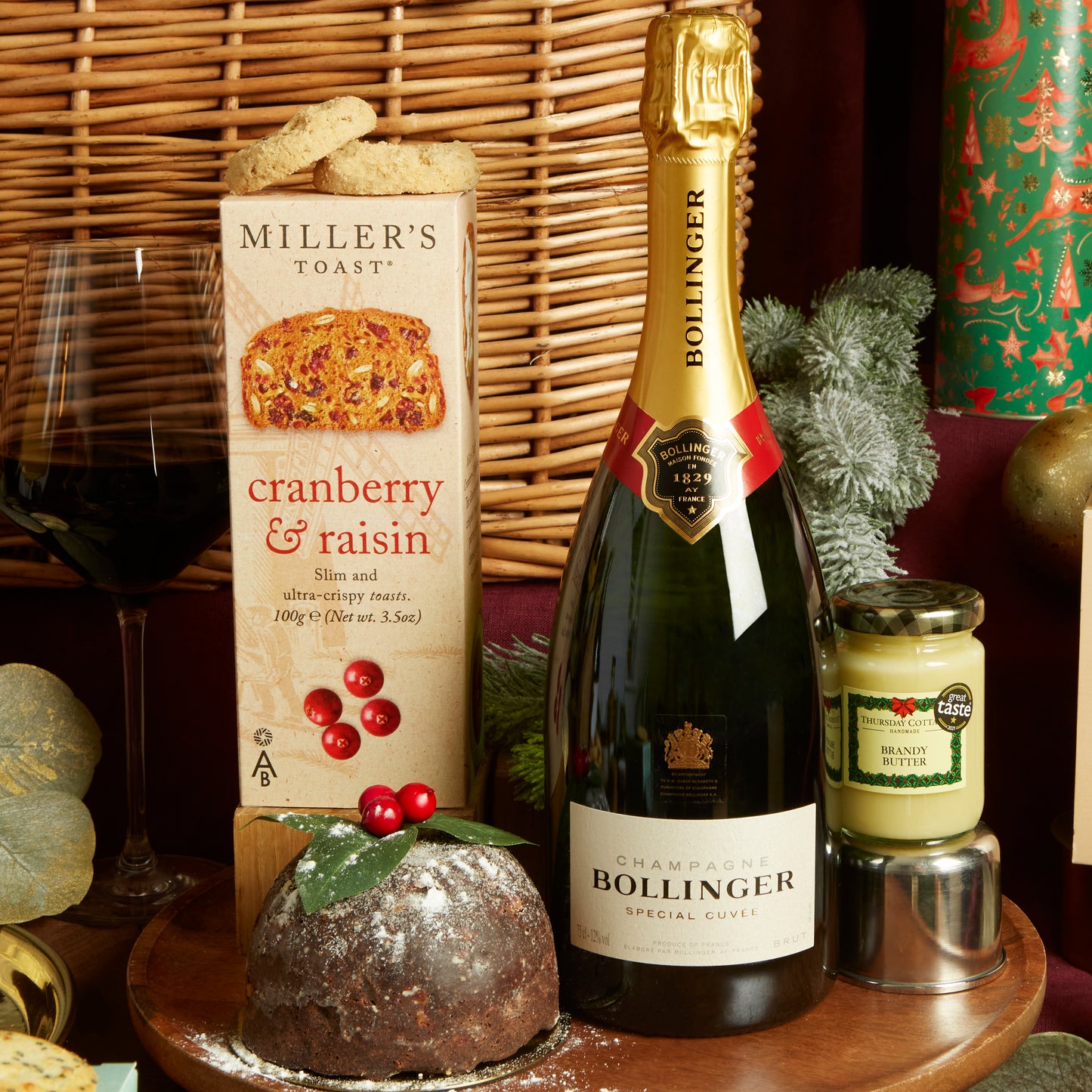 Bollinger Champagne, a Jar of Real Brandy Butter & Miller's Festive Toasts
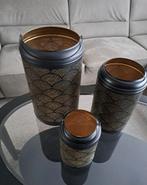 Set van 3 zwarte metalen windlichten, Huis en Inrichting, Ophalen of Verzenden, Zo goed als nieuw, Bruin, Metaal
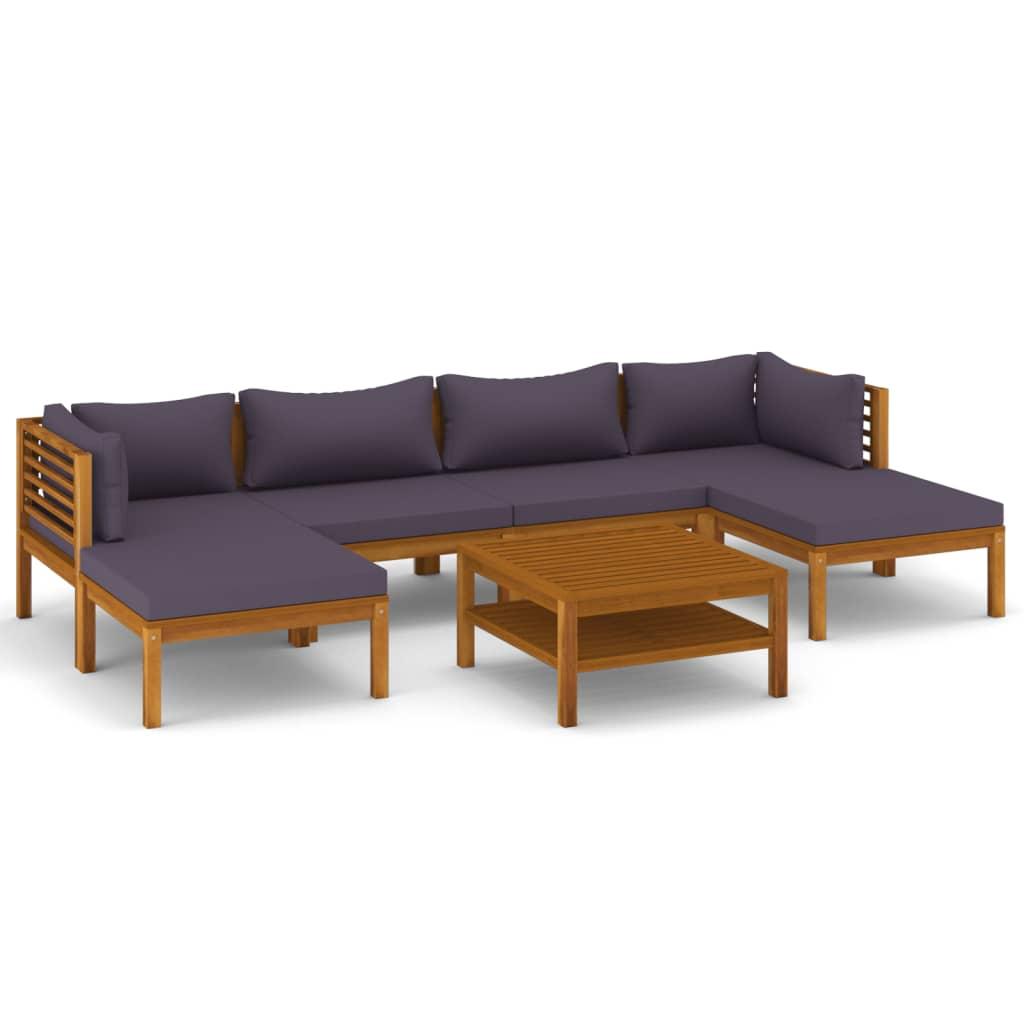 7 Piece Garden Lounge Set with Cushion Solid Acacia Wood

========

The listing must be repeated word for word, and none of its pictures may appear in the copy.

> [Answer to the exercise]
 Bollinger Champagne, a Jar of Real Brandy Butter & Miller's Festive Toasts
 Set van 3 zwarte metalen windlichten, Huis en Inrichting, Ophalen of Verzenden, Zo goed als nieuw, Bruin, Metaal
 7 Piece Garden Lounge Set with Cushion Solid Acacia Wood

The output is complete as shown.